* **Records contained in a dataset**

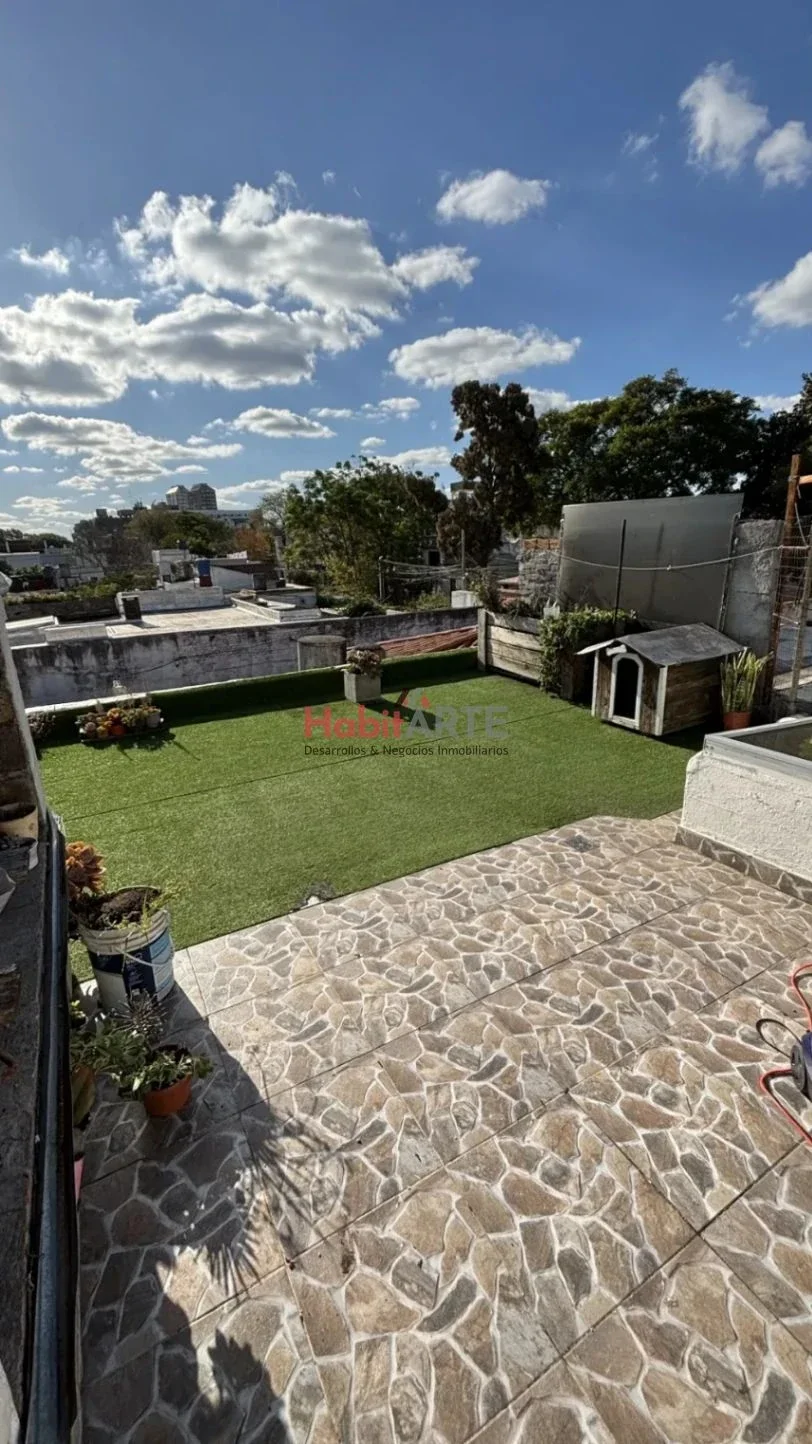 Casa en alquiler c/ cochera en La Blanqueada - Imagen 1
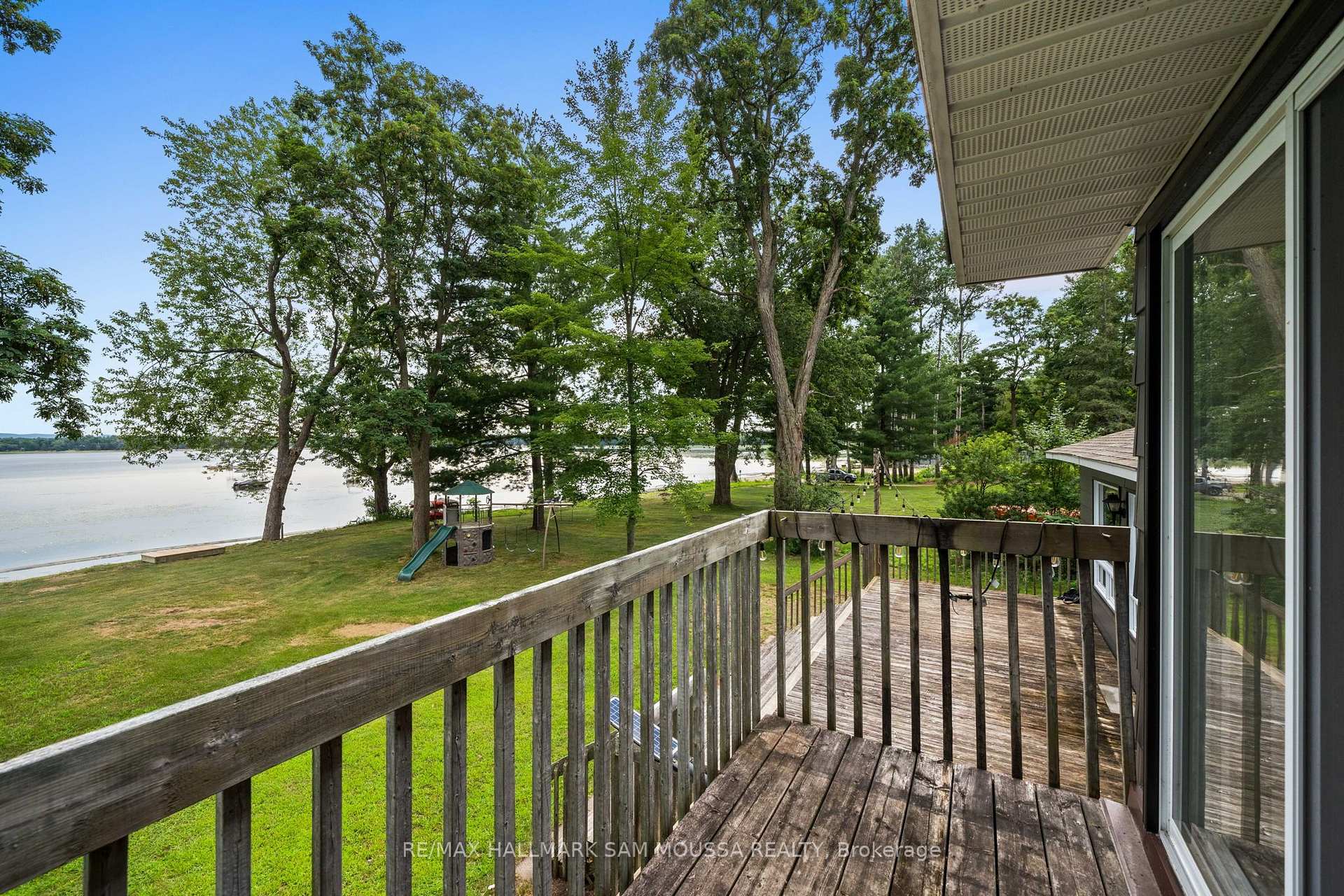 Photo 26 of 208 Baillie Avenue, Ottawa, Constance Bay — HOMEH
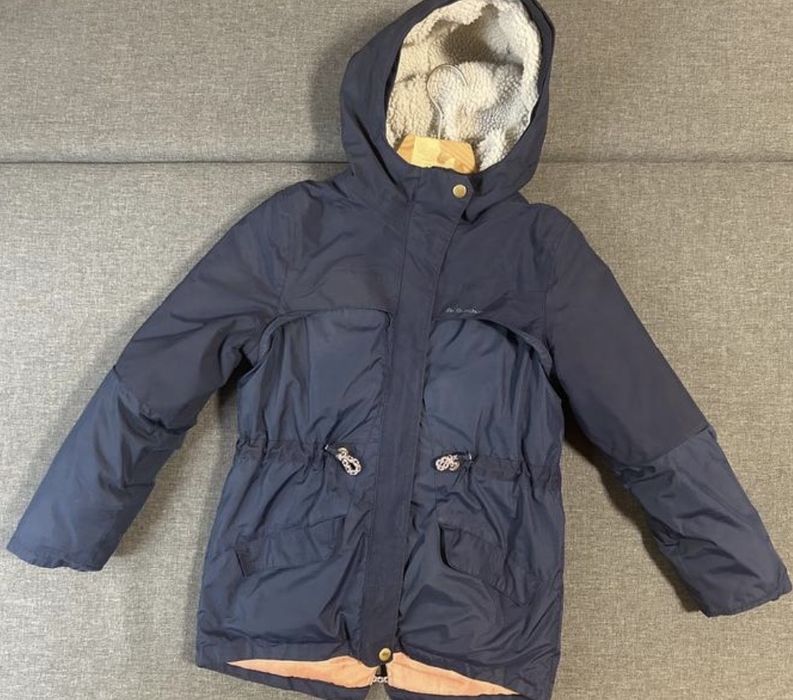 Тепла дитяча  куртка decathlon 133/142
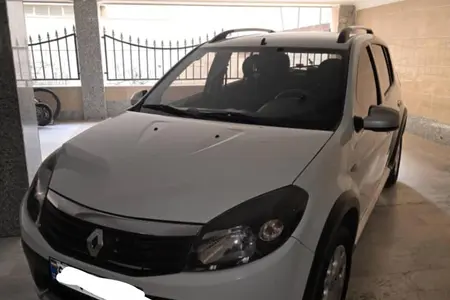 مزایده خودرو رنو، ساندرو اتوماتیک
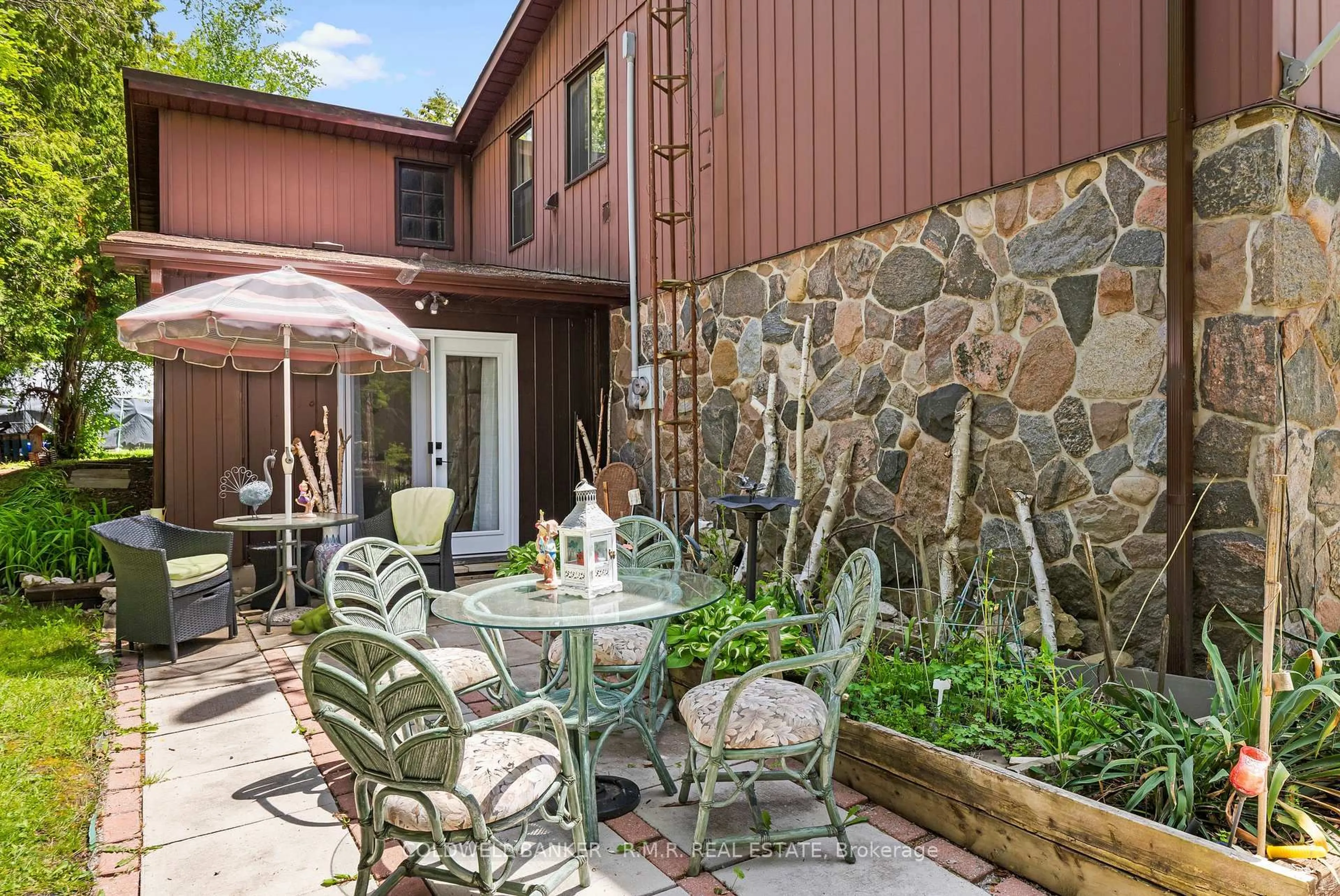 Patio, street for 204 Acton Rd, Uxbridge Ontario L0C 1H0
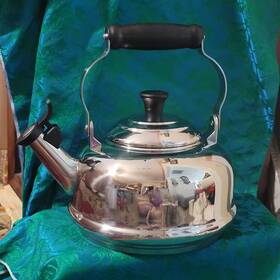 Le Creuset N22008 Crueset Stainless Steel Tea Kettle 1.7 Quart # New With Tag On Bottom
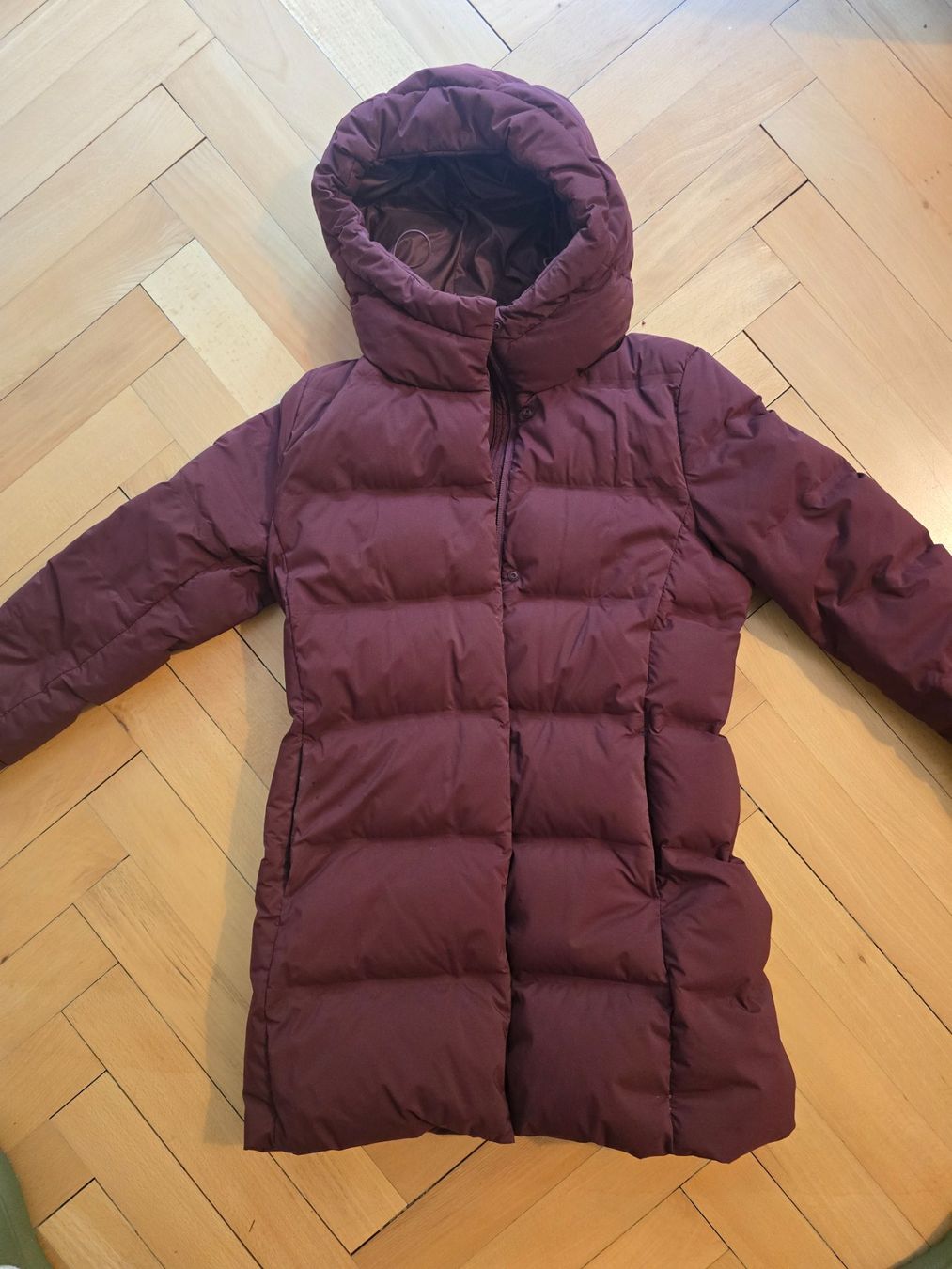 Uniqlo Cappotti: UNIQLO 100% Daunenmantel, Gr. S – Usato da Bern venduto da sar_g5ff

* **ASSIGNMENT**
The records above are to be duplicated exactly, pictures left out.

* **EXERCISE ANSWER**
 Casa en alquiler c/ cochera en La Blanqueada - Imagen 1
 Photo 26 of 208 Baillie Avenue, Ottawa, Constance Bay — HOMEH
 Тепла дитяча  куртка decathlon 133/142
 مزایده خودرو رنو، ساندرو اتوماتیک
 Patio, street for 204 Acton Rd, Uxbridge Ontario L0C 1H0
 Le Creuset N22008 Crueset Stainless Steel Tea Kettle 1.7 Quart # New With Tag On Bottom
 Uniqlo Cappotti: UNIQLO 100% Daunenmantel, Gr. S – Usato da Bern venduto da sar_g5ff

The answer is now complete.